WHAT TO DO:
Each line of the data below that includes the string "Wear" must be copied.

MATERIALS PROVIDED:

····················

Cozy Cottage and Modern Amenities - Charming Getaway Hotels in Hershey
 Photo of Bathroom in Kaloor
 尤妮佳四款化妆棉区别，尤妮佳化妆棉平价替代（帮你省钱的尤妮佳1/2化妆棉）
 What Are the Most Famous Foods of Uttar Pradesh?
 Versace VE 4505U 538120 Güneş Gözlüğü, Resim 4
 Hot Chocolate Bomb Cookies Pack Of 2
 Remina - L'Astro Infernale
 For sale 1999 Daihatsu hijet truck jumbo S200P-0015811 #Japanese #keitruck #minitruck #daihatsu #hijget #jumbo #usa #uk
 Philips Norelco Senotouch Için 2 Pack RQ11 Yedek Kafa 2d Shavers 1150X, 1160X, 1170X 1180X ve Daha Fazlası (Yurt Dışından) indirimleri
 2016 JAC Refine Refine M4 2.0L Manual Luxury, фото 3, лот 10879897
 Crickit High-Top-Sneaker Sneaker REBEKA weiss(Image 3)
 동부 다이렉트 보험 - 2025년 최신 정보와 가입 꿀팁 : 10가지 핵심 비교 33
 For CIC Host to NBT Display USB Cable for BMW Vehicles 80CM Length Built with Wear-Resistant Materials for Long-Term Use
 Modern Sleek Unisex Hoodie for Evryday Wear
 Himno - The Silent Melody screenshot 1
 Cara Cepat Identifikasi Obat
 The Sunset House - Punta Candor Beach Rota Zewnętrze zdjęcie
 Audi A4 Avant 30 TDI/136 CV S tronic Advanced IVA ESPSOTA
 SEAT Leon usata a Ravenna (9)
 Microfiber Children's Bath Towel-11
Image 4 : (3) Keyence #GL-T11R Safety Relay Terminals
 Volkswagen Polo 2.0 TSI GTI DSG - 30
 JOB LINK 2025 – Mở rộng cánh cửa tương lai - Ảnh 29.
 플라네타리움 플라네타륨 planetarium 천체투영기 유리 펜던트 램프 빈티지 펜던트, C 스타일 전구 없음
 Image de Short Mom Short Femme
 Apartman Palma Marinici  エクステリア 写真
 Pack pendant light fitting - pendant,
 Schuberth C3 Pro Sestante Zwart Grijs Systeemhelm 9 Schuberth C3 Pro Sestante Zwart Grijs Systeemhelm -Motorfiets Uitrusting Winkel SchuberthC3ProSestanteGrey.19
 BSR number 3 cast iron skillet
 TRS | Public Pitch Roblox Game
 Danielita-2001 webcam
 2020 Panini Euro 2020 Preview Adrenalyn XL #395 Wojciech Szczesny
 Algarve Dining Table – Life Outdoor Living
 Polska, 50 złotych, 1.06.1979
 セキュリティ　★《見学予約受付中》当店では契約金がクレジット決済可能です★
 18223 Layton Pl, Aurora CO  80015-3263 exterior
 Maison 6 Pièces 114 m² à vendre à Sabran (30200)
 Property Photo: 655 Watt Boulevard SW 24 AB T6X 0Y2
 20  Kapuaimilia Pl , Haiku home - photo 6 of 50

····················

EXPECTED ANSWER:
 For CIC Host to NBT Display USB Cable for BMW Vehicles 80CM Length Built with Wear-Resistant Materials for Long-Term Use
 Modern Sleek Unisex Hoodie for Evryday Wear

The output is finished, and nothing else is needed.